What the Orlando shooting means for a federal assault-weapons ban
The shooting in a gay club in Orlando over the weekend has shone a spotlight on the semi-automatic rifle used in the attacks.
In Orlando’s Pulse nightclub early on Sunday morning, Omar Mateen’s main weapon of choice was a semi-automatic rifle.
Authorities say that at a gun store in Port St. Lucie, Fla., Mateen bought a Sig Sauer MCX, a weapon originally developed for the US Special forces, along with a 9 mm handgun.
Its role in the attacks is already reviving debates over whether the federal government should institute a ban on what are often called “assault weapons.”
In an email sent in response to queries from the Christian Science Monitor, Jennifer Carlson, a sociologist at the University of Arizona who studies gun policy, wrote that she expected the Orlando shootings to mobilize advocates on both sides. But this time, said Carlson, the LGBT movement may play an unprecedented role.
“The LGBT movement has the kinds of organizational strength, grassroots resonance and political acumen from decades of organizing that the gun control lobby has generally lacked in comparison to the gun rights movement,” she wrote.
Its energy might not just come from those pushing for gun control, she added. “While the LGBT movement leans left and LGBT organizations generally have strong ties to the Democrat party, there are also groups like the Pink Pistols that frame gun rights as gay rights.”
On Monday, the attorney general of Massachusetts, where most semi-automatic weapons are outlawed, called for a federal ban. So did the editorial board of USA Today. And in interviews, presumptive Democratic presidential nominee Hillary Clinton has taken up the call, saying that a ten-year assault-weapons ban – passed under her husband Bill Clinton’s administration before expiring in 2004 – should be reinstituted.
In its civilian form, the MCX was introduced in 2015, and bears a close similarity to the better-known AR-15 – in fact, police in Orlando originally misidentified the weapon as an AR-15, one of the weapons banned under the 1994 law.
Studies from institutions like the Department of Justice have cast doubt on how meaningful the ban proved to be in restricting access to similarly high-powered weapons.
In an interview with The Christian Science Monitor, Robert Spitzer, a political science professor at SUNY Cortland who studies gun policy, said the 1994 law was “pretty narrowly drawn.”
“One of the things that the manufacturers did after it passed was to make slight modifications to guns that wouldn’t have been legal, in order to make them legal,” said Spitzer.
But he noted that the law also made it illegal to own magazines with more than 10 cartridges, in contrast to the 30-round magazine the ATF says was used by Mateen. Under the old law, “he probably could’ve gotten something approximating what he used, but it wouldn’t have had quite the same firepower.”
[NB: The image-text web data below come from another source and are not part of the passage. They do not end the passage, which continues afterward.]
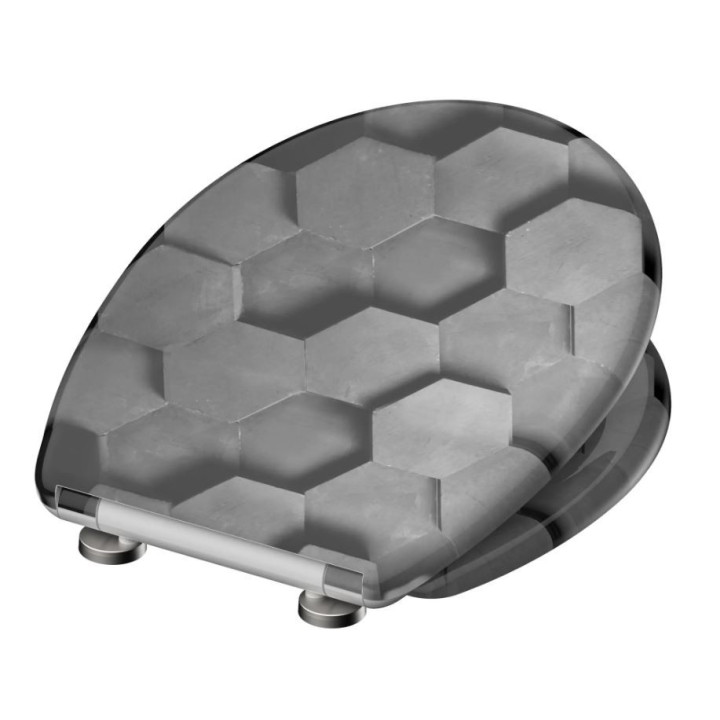 Schütte GREY HEXAGONS| Duroplast, Soft Close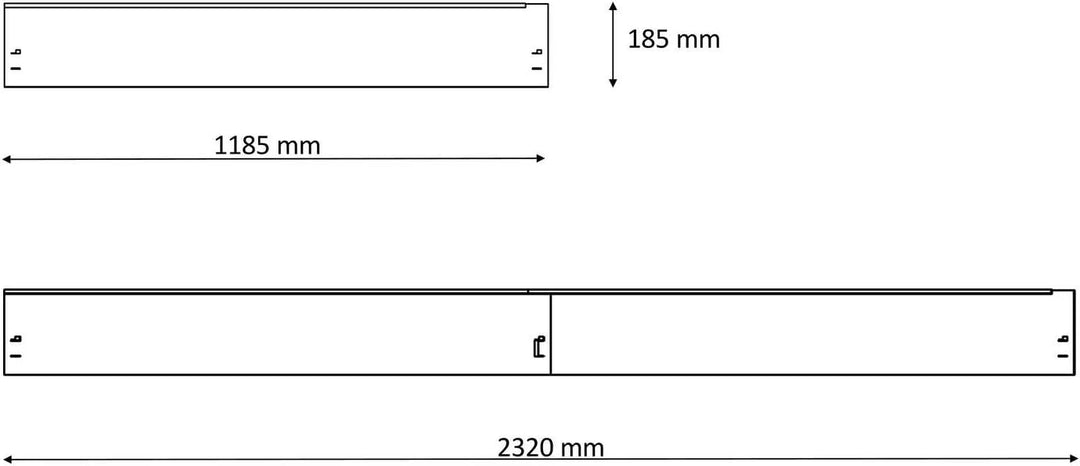 Rasenkante - 1,20m Verlegelänge - Garten Beeteinfassung Metall 18,5cm Hoch - Stabile Beetbegrenzung
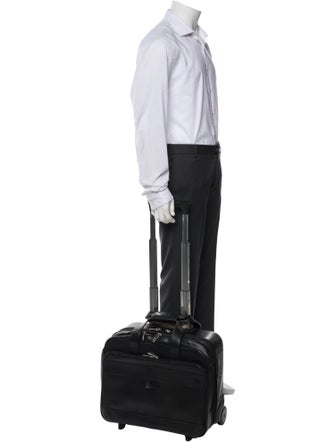 Hartmann Leather Carry On Bag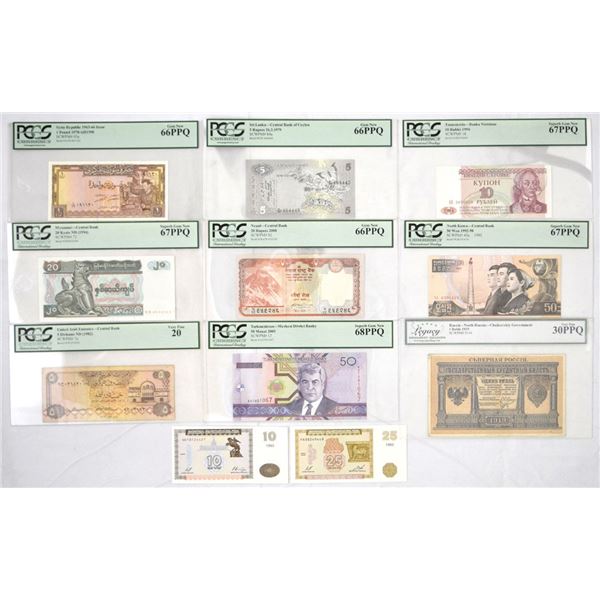 Eurasian Assortment of Issued Banknotes, 1919 to 2008.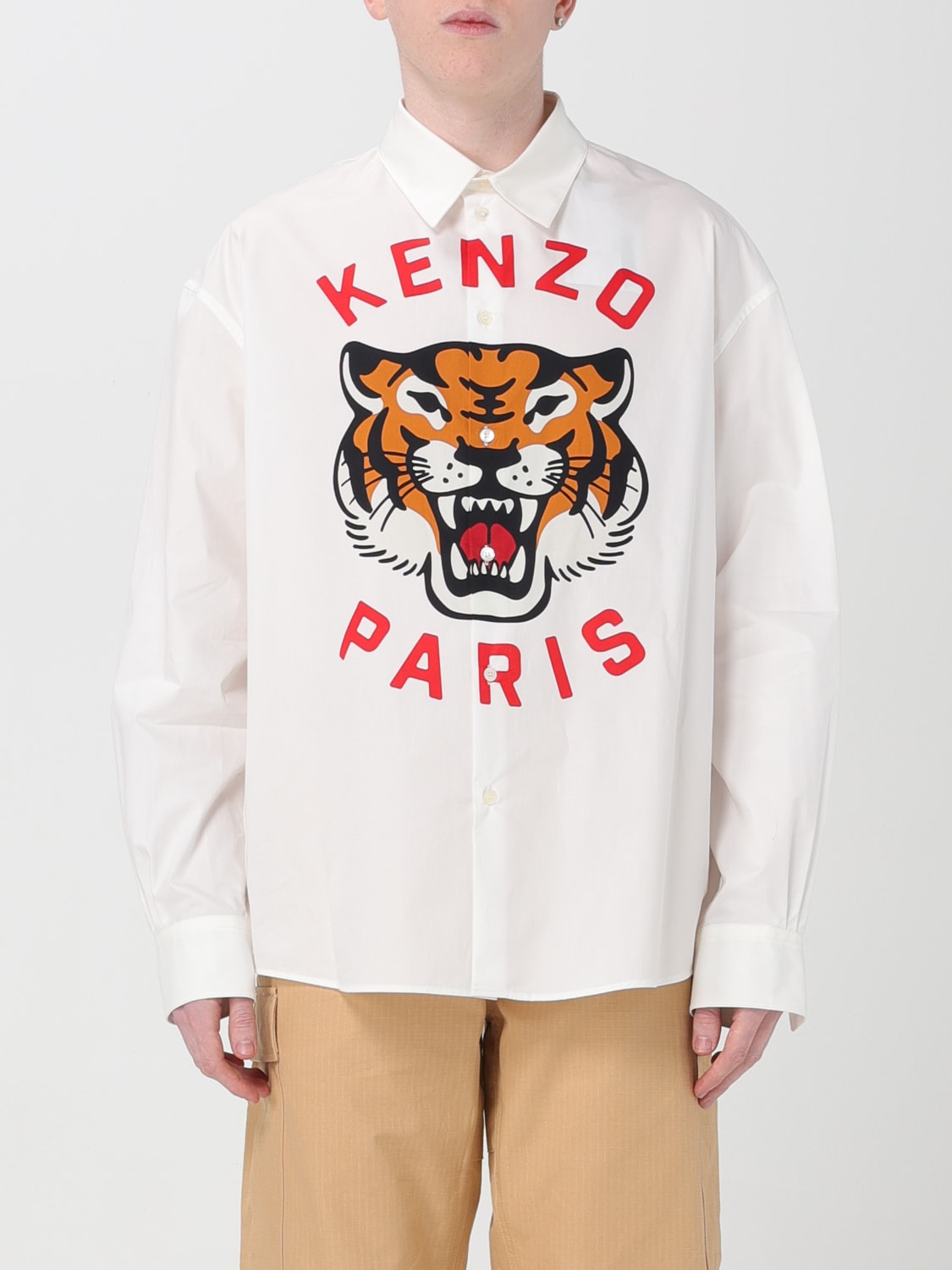 Chemise kenzo best sale homme tigre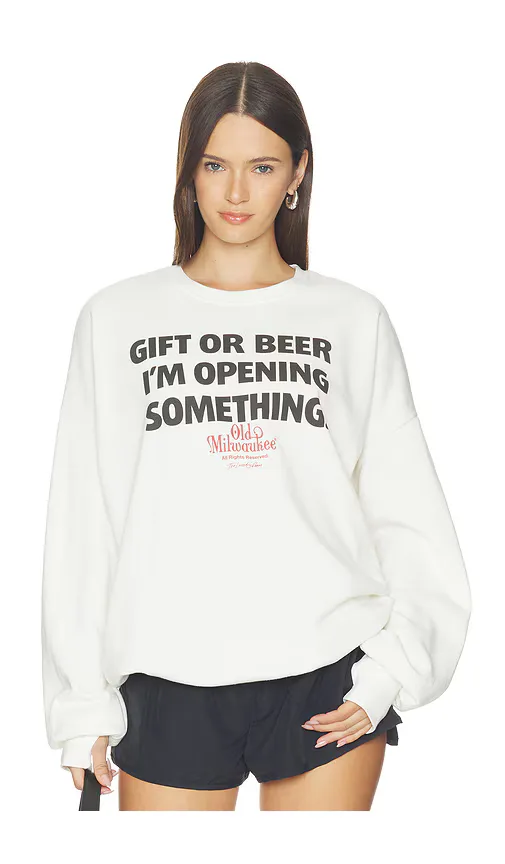Gift or Beer Jump Jumper Sweatshirt by The Laundry Room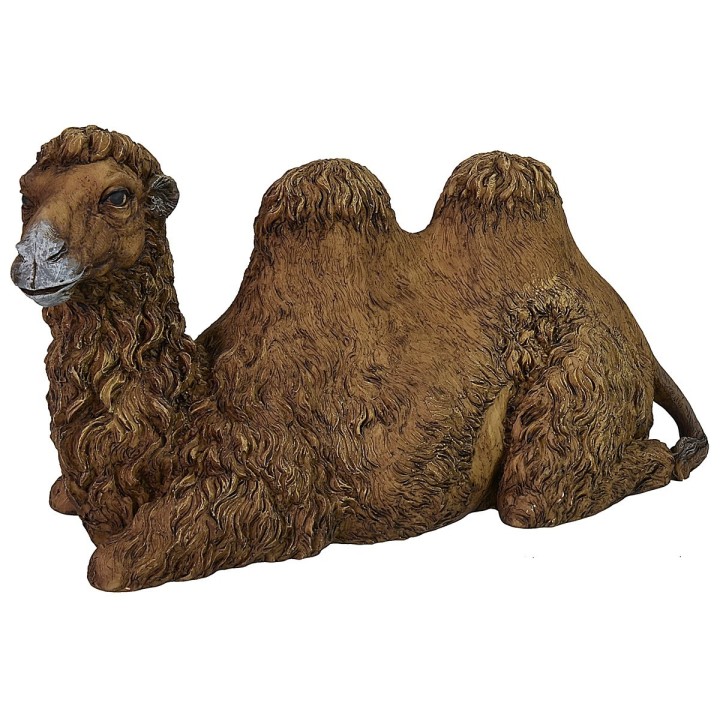 Cammello seduto con testa girata in resina serie 30 cm Pigini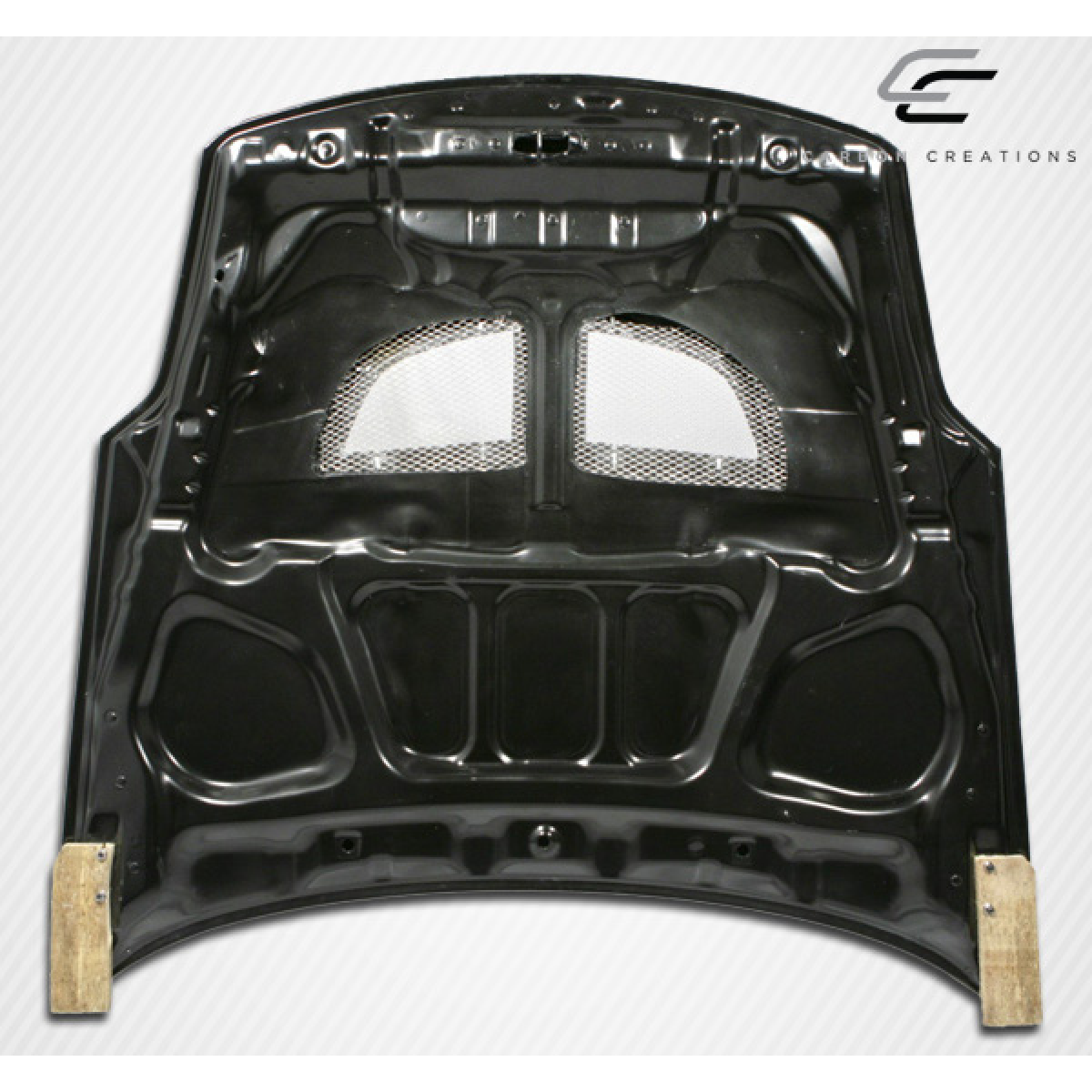 Modify your Nissan 350Z 2003 with our Exterior/Hoods - Part is viewed from above and slightly angled down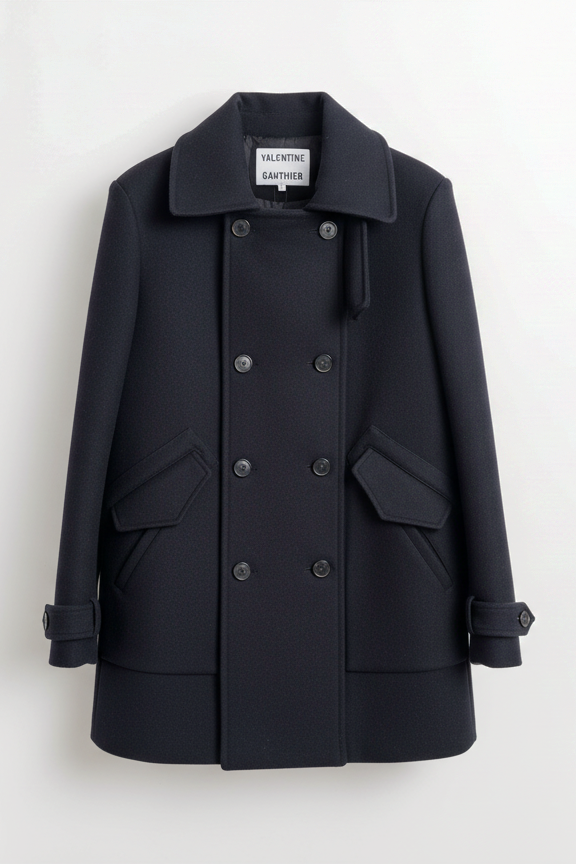 Caban Atelier Marlotte en laine et cachemire Dark Blue et Caban Atelier Marlotte homme en laine et cachemire Dark Blue, Valentine Gauthier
Since the bill’s passage, public attitudes toward assault-weapon bans have drifted away from support for such measures. In December 2015, an ABC News/Washington Post poll found that only 45 percent of the public supported the idea. That’s compared to 80 percent in 1994. And 53 percent of those polled in 2015 said that they outright opposed the ban – the highest percentage yet recorded.
Other polls offer somewhat different results: one published in June 2015 by the Johns Hopkins Center for Gun Policy and Research, in the wake of the Sandy Hook attacks, found that support for banning assault weapons was at 63 percent.
The National Rifle Association (NRA) is often cited as an influencer of opinion, for its outsized influence on gun policy more generally. Indeed, its political spending dwarfs that of gun-control advocates, as the Sunlight Foundation noted in 2012.
But Carlson, the University of Arizona sociologist, said that the divergent responses were partly a matter of how the question was framed. After Sandy Hook, the issue was more about mental health, compared to San Bernardino, which engaged fears about terrorism.
But she added that that the public had indeed become “less supportive since 1994 of an assault-weapons ban.” That shift, she added, reflected attitudes toward gun control among the public as a whole, with the exception of liberal democrats and people with post-graduate degrees.
“Americans now feel that guns make them safer, whereas only 10-15 years ago, they saw guns as making them less safe.”